Crifasi und andere Forscher glauben jedoch, dass die ATF noch bessere Daten liefern könnte, wie etwa die durchschnittliche Zeit bis zur Kriminalität nach Art der Kriminalität. Die ATF hat es jedoch bisher abgelehnt, diese Zahlen zu teilen, auch als Reaktion auf eine formelle Anfrage nach dem Informationsfreiheitsgesetz. „Ehrlich gesagt, ich denke, sie könnten mehr veröffentlichen“, sagt Daniel Webster, der Direktor des Johns Hopkins Center for Gun Violence Prevention and Policy. „Aber ich denke, institutionell wollen sie nur … alles begrenzen“, fügte er hinzu und bemerkte, dass die ATF durch einen Mangel an Ressourcen und den Druck von Lobbyisten und Mitgliedern des Kongresses, die sich auf Waffenrechte konzentrieren, gelähmt sei.

Im Moment wissen wir, dass die Waffenverkäufe ab März 2020 dramatisch gestiegen sind und dass die Morde – getrieben durch Waffenmorde – einige Monate später erheblich zugenommen haben.

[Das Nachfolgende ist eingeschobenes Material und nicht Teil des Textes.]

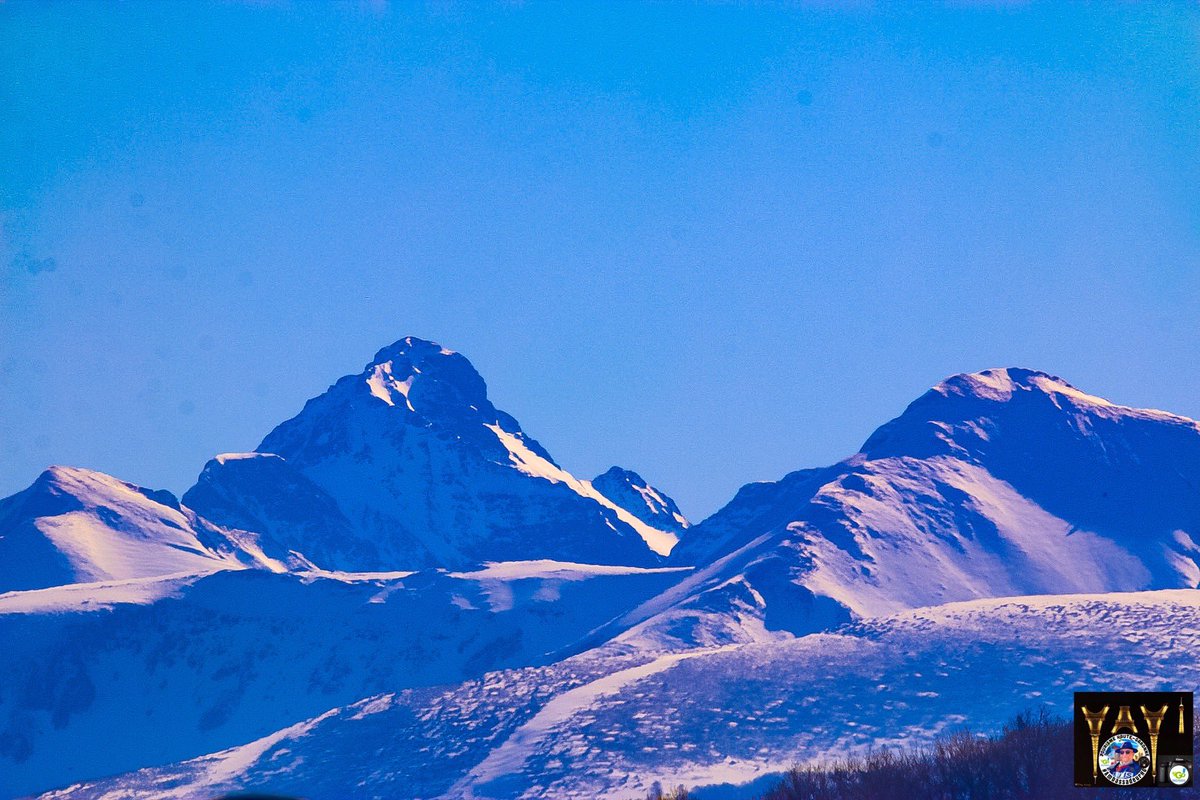 reivaxstgo31's tweet photo. #jeudiphoto toujours un grand 🌞et ciel #bleuazur sur les #PyrénéesCentrales le #PicduCagire le #picdeMaubermé 2880m 📷1/2 vu du #ValdAran en Espagne depuis le #colduPortillon 📷3/4 vu depuis #SaintGaudens 📷4 sur la gauche et sur la droite le Pic du Cagire 1912m @HauteGaronne https://t.co/RBP2oJ93cp
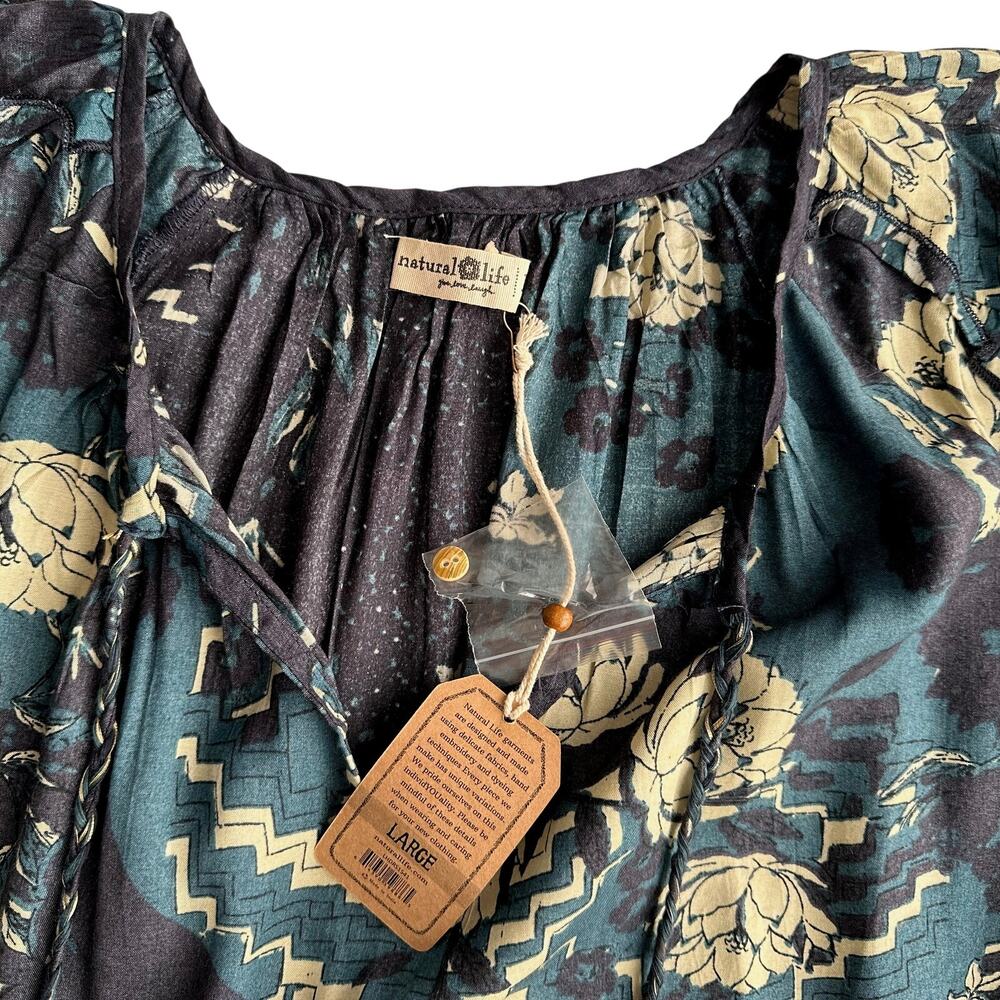 NATURAL LIFE Floral Maxi Dress - Black and Cream - Picture 6 of 11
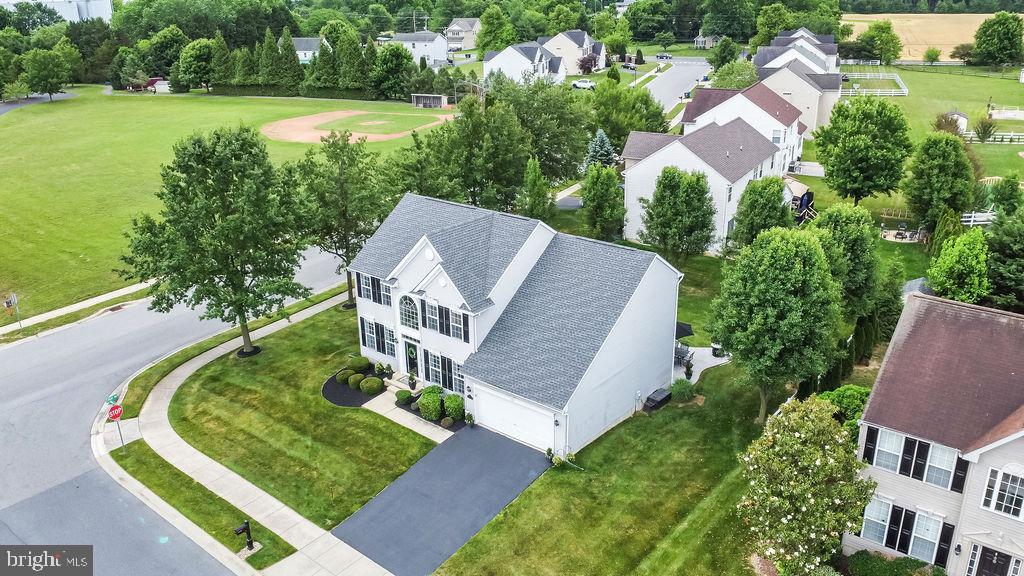TOWNSEND VILLAGE - Residential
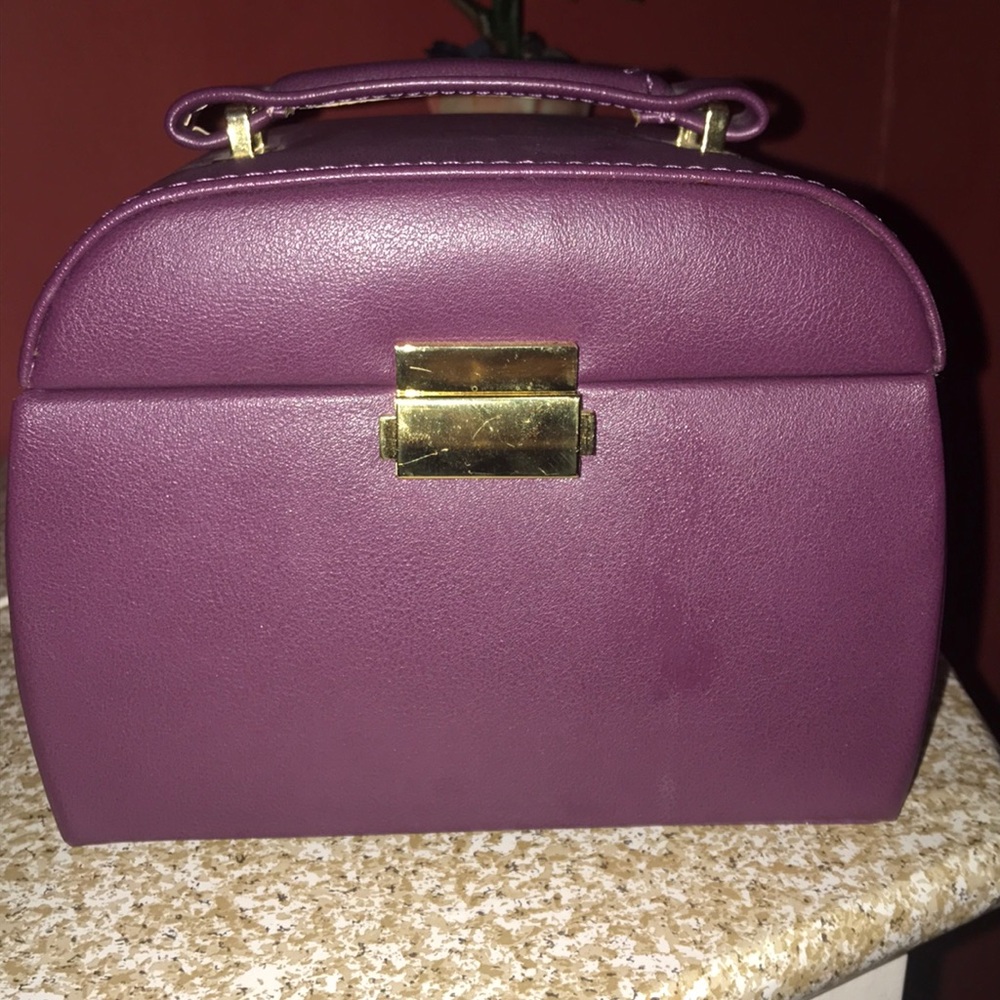 Small jewelry box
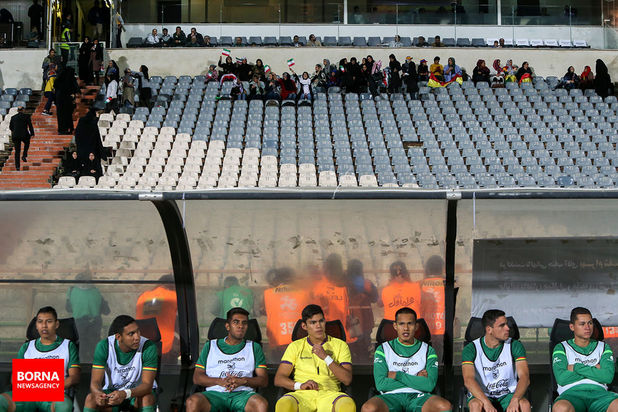 حضور بانوان در ورزشگاه آزادی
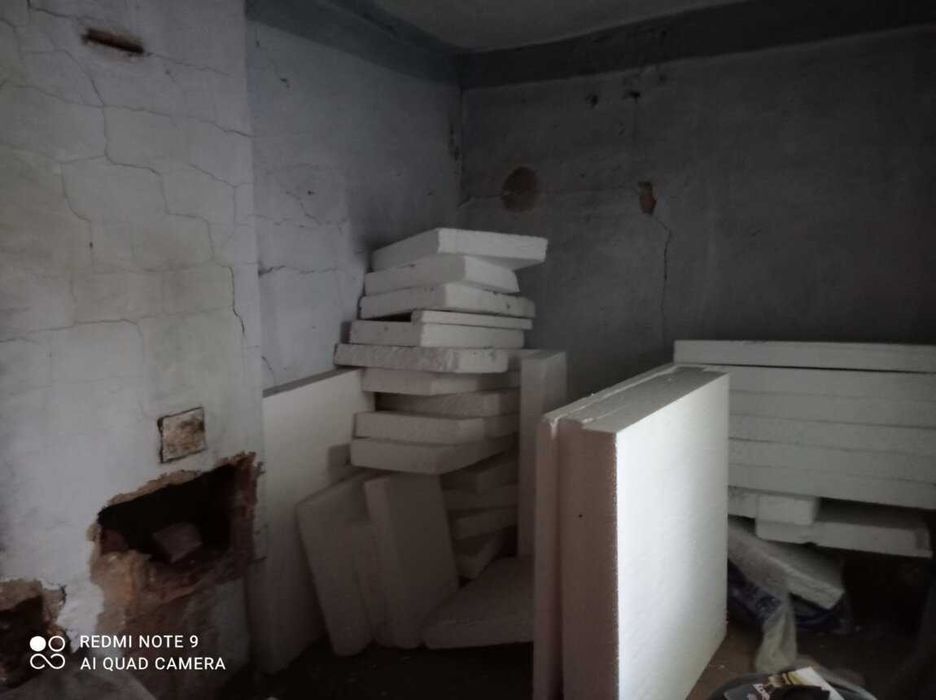 Продам Дом-4 комн. 63 м. кв. (треб. кап. рем. ), уч. 4 сот. 5 Военная-Столяр.
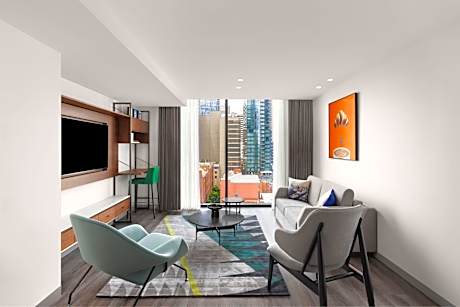 One-Bedroom Large Suite with Parliament View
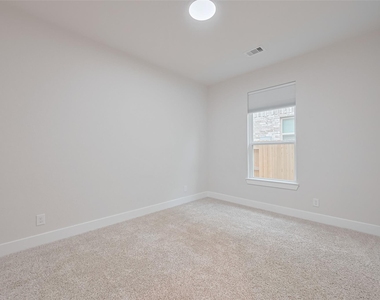 200 Catalina Cove Drive - Photo Thumbnail 33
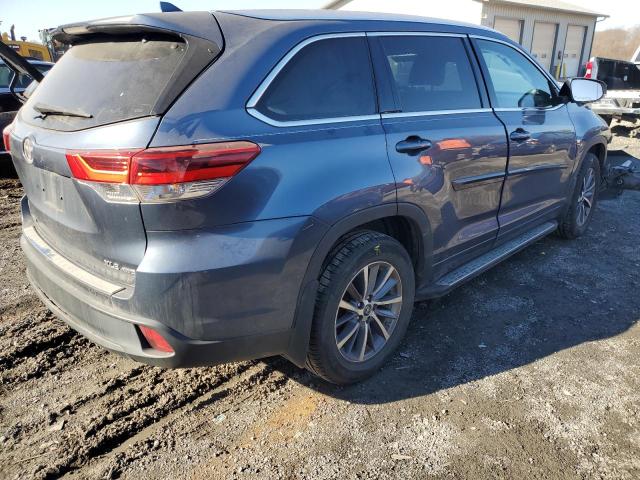 5TDJZRFH6JS822487 - 2018 TOYOTA HIGHLANDER SE GRAY photo 3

Wir haben starke Beweise dafür, dass mehr Menschen Waffen trugen, bevor die Morde im Jahr 2020 anstiegen, und die ATF-Daten sagen uns, dass neu gekaufte Schusswaffen bei mehr Verbrechen als üblich verwendet wurden. Es liegt auf der Hand, dass neue Waffen dazu beigetragen haben, die Mordwelle im Jahr 2020 zu fördern, obwohl die Daten zur Bestätigung dieser Schlussfolgerung unerreichbar bleiben. Die Daten sind nicht perfekt, aber sie sind stark suggestiv: Mehr Waffen stecken hinter Amerikas Mordspitze.